An object position is formalized as the four coordinates ($x_1,y_1,x_2,y_2$) of a rectangular bounding box, and the ground truth associated with each training image is a list of such bounding boxes, each labeled with the class of the object in it.
The standard approach to solve this task, for instance, by the Single Shot Detector (SSD) [Liu et al., 2015]), is to use a convolutional neural network that produces a sequence of image representations $Z_s$ of size $D_s×H_s×W_s$, $s=1,…,S$, with decreasing spatial resolution $H_s×W_s$ down to 1×1 for $s=S$ (see Figure 6.1). Each of those tensors covers the input image in full, so the $h,w$ indices correspond to a partitioning of the image lattice into regular squares that gets coarser when $s$ increases. As seen in § 4.2, and illustrated in Figure 4.4, due to the succession of convolutional layers, a feature vector ($Z_s[0,h,w],…,Z_s[D_s−1,h,w]$) is a descriptor of an area of the image, called its receptive field, that is larger than this square but centered on it. This results in a non-ambiguous matching of any bounding box ($x_1,x_2,y_1,y_2$) to a $s,h,w$, determined respectively by $max(x_2−x_1,y_2−y_1)$, $\frac{y_1+y_2}{2}$ , and $\frac{x_1+x_2}{2}$ .

Figure 6.1: A convolutional object detector processes the input image to generate a sequence of representations of decreasing resolutions. It computes for every h,w, at every scale s, a pre-defined number of bounding boxes whose centers are in the image area corresponding to that cell, and whose size are such that they fit in its receptive field. Each prediction takes the form of the estimates ($\hat{x}_1,\hat{x}_2,\hat{y}_1,\hat{y}_2$), represented by the red boxes above, and a vector of $C+1$ logits for the $C$ classes of interest, and an additional “no object” class.
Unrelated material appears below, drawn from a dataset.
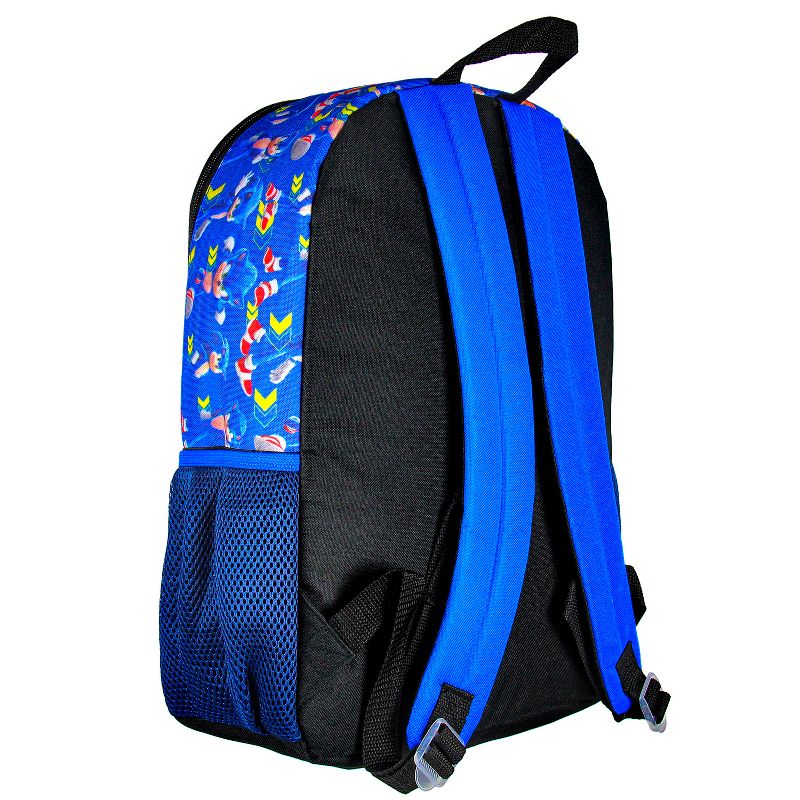 Sonic the Hedgehog 2 Movie Sonic Tails 16" Backpack w/ Lunch Tote 5 Piece Set Multicoloured, 4 of 7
Figure 6.2: Examples of object detection with the Single-Shot Detector [Liu et al., 2015].
Detection is achieved by adding $S$ convolutional layers, each processing a $Z_s$ and computing for every tensor indices $h,w$ the coordinates of a bounding box, and the associated logits. If there are $C$ object classes, there are $C+1$ logits, the additional one standing for “no object.” Hence, each additional convolution layer has $4+C+1$ output channels. The SSD algorithm in particular generates several bounding boxes per $s,h,w$, each dedicated to a hard-coded range of aspect ratios.
Training sets for object detection are costly to create, since the labeling with bounding boxes requires a slow human intervention. To mitigate this issue, the standard approach is to start with a convolutional model that has been pre-trained on a large classification data set such as VGG-16 for the original SSD, and to replace its final fully-connected layers with additional convolutional ones. Surprisingly, models trained for classification only have learned feature representations that can be repurposed for object detection, even though that task involves the regression of geometric quantities.
During training, every ground-truth bounding box is associated with its $s,h,w$, and induces a loss term composed of a cross-entropy loss for the logits, and a regression loss such as MSE for the bounding box coordinates. Every other $s,h,w$ free of bounding-box match induces a cross-entropy only penalty to predict the class “no object”.